## Strong barrier function and generalized linear elliptic equation

Suppose $\Omega$ is a domain in $\mathbb{R}^n$. $x_0\in \partial \Omega$ satisfies the exterior sphere condition. That is there exists a ball $B=B_R(y)$ such that $\bar{B}\cap \overline{\Omega}=x_0$. Then the function
$\displaystyle w(x)=\begin{cases}R^{2-n}-|x-y|^{2-n} \quad n\geq 3\\log\frac{|x-y|}{R} \qquad n=2\end{cases}$
is a barrier function for $\Delta$ at $x_0$.
For a strong barrier function $w$ at $x_0$, we mean $\Delta u\leq -1$ or $Lu\leq -1$, at such $x_0$ Define

$w=K(R^{-\alpha}-|x-y|^{-\alpha})$

Then $\displaystyle Lw=K\alpha|x-y|^{-\alpha-4}\left[-(\alpha+2)a^{ij}(x_i-y_i)(x_j-y_j)+|x-y|^2( a^{ii}+b^i(x_i-y_i))\right]+cw$
Assume $c\leq 0$ and let $|x-y|=r$
$Lw\leq K\alpha r^{-\alpha-4}\left[-(\alpha+2)a^{ij}(x_i-y_i)(x_j-y_j)+r^2(a^{ii}+b^i(x_i-y_i))\right]\leq -1$
when $\alpha=\alpha(\lambda, \Lambda,diam(\Omega),R)$ and $K$ large enough.
$\mathbf{Problem: }$ Let $u\in C^2(\Omega)\cap C^0(\overline{\Omega})$ be a solution of $Lu=f$ in a bounded $C^1$ domain $\Omega$ $n\geq 3$. Suppose $x_0\in\partial \Omega$ satisfy the exterior ball condition with $B_R(y)$. Moreover, assume

$a^{ij}\xi_i\xi_j\geq \lambda |\xi|^2$
$|a^{ij}|, |b^i|, |c|\leq \Lambda$

Suppose $u|_{\partial \Omega}=\phi$, $\phi\in C^2(\overline{\Omega})$. Show that $u$ satisfies a Lipschitz condition at $x_0$

$|u(x)-u(x_0)|\leq K(x-x_0)$, $x\in \Omega$.

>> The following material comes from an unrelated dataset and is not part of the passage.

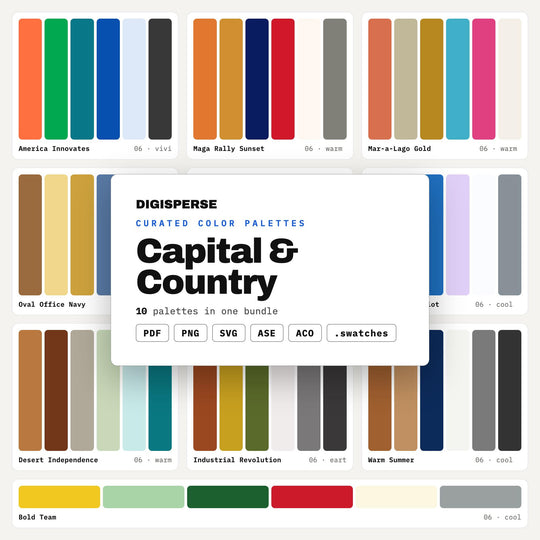 Federal Blue Color Scheme Pack, 10 Capital and Country Palettes for Government Branding, Law Office Decor and Political Design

where $K=K(\lambda,\Lambda,R,diam(\Omega), \sup|f|)$. If the sign $c$ is unrestricted, show that the same result holds provided $K$ also depends on $\sup|u|$.

$\mathbf{Proof:}$ When $c\leq 0$ suppose $w_0$ is the strong barrier function of $L$ at $x_0$, then there exists $M=M(\sup\limits_{\Omega}|f|, |\phi|_{2;\Omega})$ such that $\displaystyle w=Mw_0$ satisfies
$w+u(x_0)-u\geq 0$ on $\partial \Omega$ and $L(w+u(x_0)- u)\leq 0$

$-w+u(x_0)-u\leq 0$ on $\partial \Omega$ and $L(-w+u(x_0)-u)\geq 0$
By the maximum principle, we know that

$-w(x)\leq u(x)-u(x_0)\leq w(x)$ $|u(x)-u(x_0)|\leq w(x)=w(x)-w(x_0)\leq K|x-x_0|$.

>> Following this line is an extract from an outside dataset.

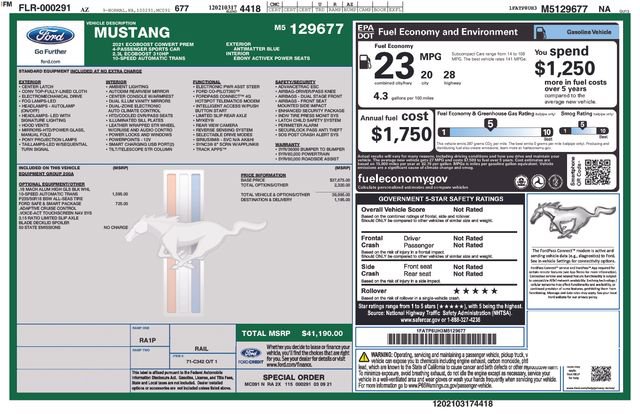 Certified 2021 Ford Mustang Premium w/ Ford Safe & Smart Package RWD image 19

When the sign of $c$ is undefined, let $\tilde{L}u=Lu-c^+u=f-c^+u$, apply the above procedure to $\tilde{L}$, only need to adjust that $M=M(\sup\limits_{\Omega}|f|, |\phi|_{2;\Omega},\Lambda,\sup|u|)$.

$\text{Q.E.D}\hfill \square$

$\mathbf{Remark:}$Gilbarg Trudinger’s book. Chapter, exercise 3.6.